**COLLECTED DATA**

══════

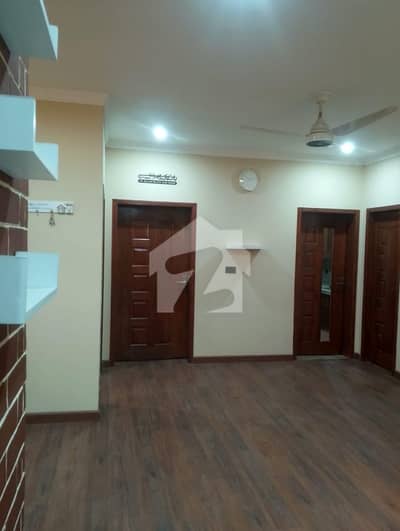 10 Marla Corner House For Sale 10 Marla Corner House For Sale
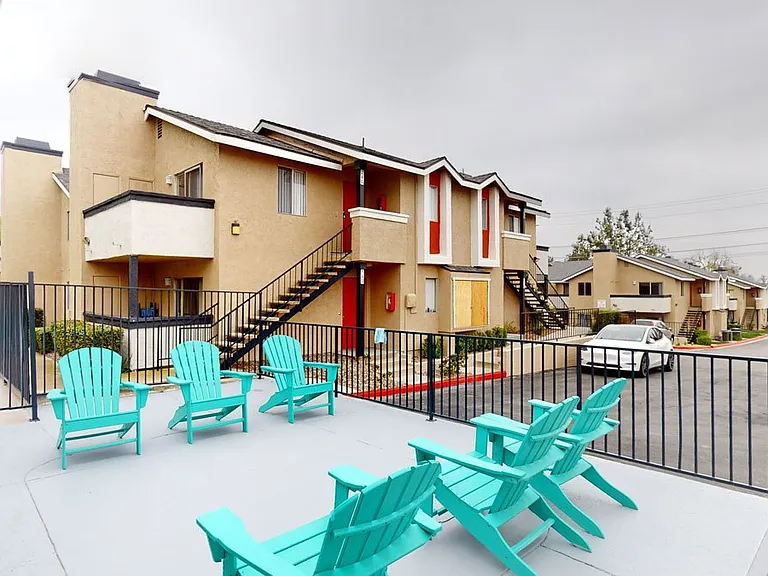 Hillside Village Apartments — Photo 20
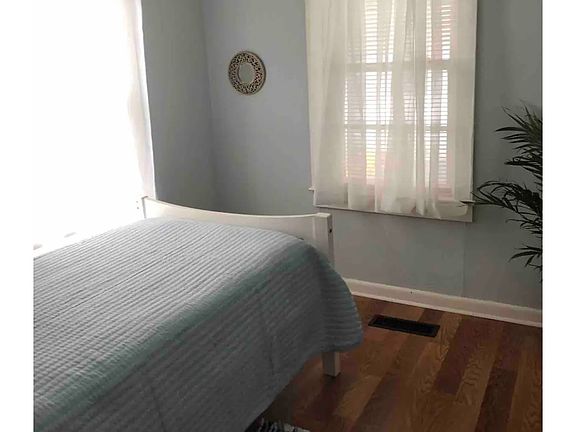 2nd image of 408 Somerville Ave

══════

**BRIEF**
Everything in the material above is to be reproduced exactly, pictures aside.

**SOLUTION TO THE PROBLEM**
 10 Marla Corner House For Sale 10 Marla Corner House For Sale
 Hillside Village Apartments — Photo 20
 2nd image of 408 Somerville Ave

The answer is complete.